A instabilidade continuou mesmo assim. Foram nomeados e depostos governos. Mesmo com a liberdade de expressão e de imprensa a ser reposta, o livre acesso à internet também e os partidos proibidos anteriormente legalizados, tudo isto num espaço de poucos dias, o descontentamento mantinha-se. Porque os assassínios políticos e a instabilidade social, política e religiosa não paravam. Uma série de atentados terroristas mataram centenas de pessoas. A panela estava a transbordar. E a guerra civil prestes a começar.
É neste ponto que entra o Quarteto. O conjunto de organizações, que abrange várias áreas da sociedade, decide agir em 2013. Promove acordos entre os partidos políticos. Com uma só motivação: a implementação de uma democracia estável e duradoura. E a constituição de um Governo constitucional que garantisse o respeito pelos direitos fundamentais de toda a população independentemente do género, convicções políticas e religião.
Uma nova Constituição, parcialmente inspirada na portuguesa, foi aprovada a 26 de janeiro de 2014. Em outubro desse ano foram realizadas as primeiras eleições presidenciais verdadeiramente livres e em democracia na Tunísia.
A Tunísia de hoje e as grandes ameaças
Com estas nova Constituição e depois das primeiras eleições presidenciais, que elegeram Beji Caid Essebsi com 55.68% dos votos, a Tunísia passou a ser vista como o exemplo melhor sucedido da primavera árabe. O país teve um Governo de tecnocratas, que marcou eleições para o dia 26 de outubro de 2014. Os partidos estavam mais maduros e preparados para governar. O partido vencedor foi o do laico Nidda Tounès, formado dois anos antes, que, mesmo sem maioria absoluta (37,56% dos votos), indicou Habib Essid como primeiro-ministro do país. E a democracia tunisina parece também estar a amadurecer e a crescer:
- O turismo sofreu um autêntico trambolhão durante os anos de instabilidade que se seguiram à revolução: antes da revolução, o país recebia, em média, 7 milhões e meio de turistas por ano. Em 2011 esse número caiu para metade. Mas, no ano passado, a Tunísia recebeu mais de seis milhões de turistas. Um número ainda assim abaixo dos níveis registados anteriormente. Mas o setor começa agora a crescer. Setor este que representa 7% do PIB e do qual 20% da população depende.

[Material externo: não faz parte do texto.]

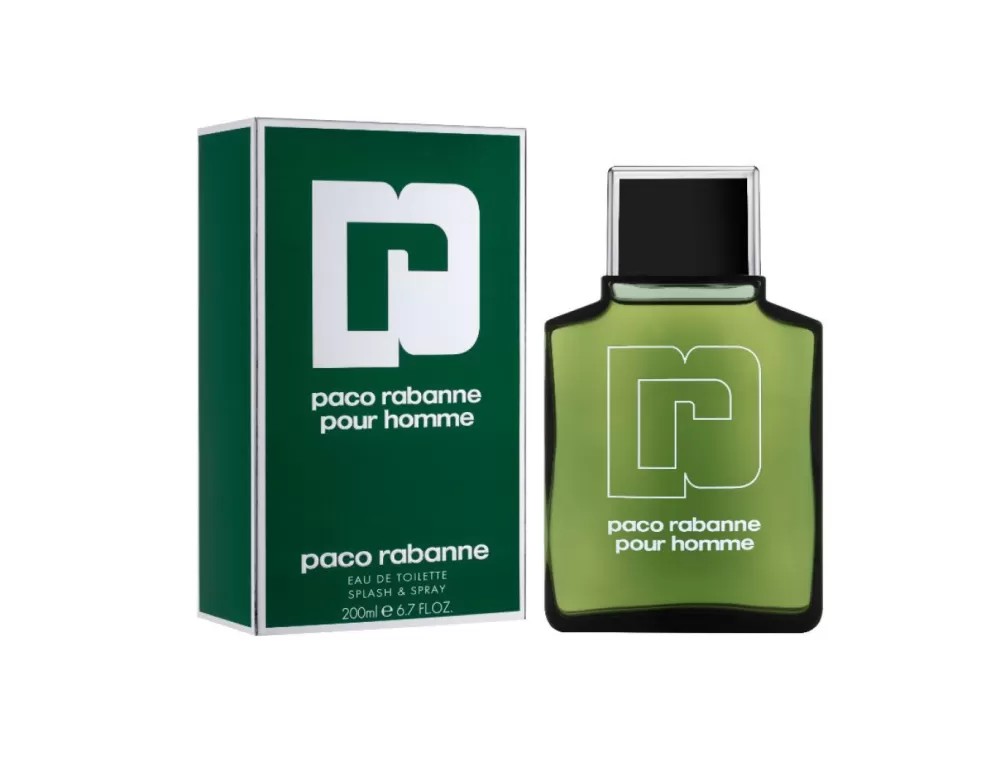 Discount Paco Rabanne Pour Homme Eau De Toilette Splash & Spray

- A taxa de desemprego é, no entanto, ainda alta: acima dos 15%, com o desemprego jovem acima dos 30%.
- O número de partidos políticos subiu em flecha. Até à saída de Ben Ali existiam apenas três, agora existem mais de 100 partidos políticos devidamente legalizados. O país foi também incluído na Política Europeia de Vizinhança da União Europeia, que tem como objetivo aproximar a UE dos seus vizinhos.

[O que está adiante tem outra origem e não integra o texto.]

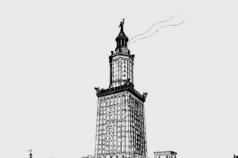 Олександрійський маяк, він же фароський - найвища конструкція стародавнього світу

Apesar de tudo, a Tunísia ainda não é um paraíso democrático. E é um país de contrastes entre as metrópoles e aldeias.
O atentado, em junho passado – um ano depois do ataque a um museu no centro de Tunes que vitimou 21 pessoas, entre os quais 17 turistas – em dois resorts turísticos na cidade de Sousse, que matou 39 pessoas, na sua maioria turistas alemães e ingleses, é sinal que a instabilidade ainda pode voltar. A democracia tunisina começa a dar os primeiros passos – que são, até agora, os passos mais firmes de toda a região que viveu a primavera árabe.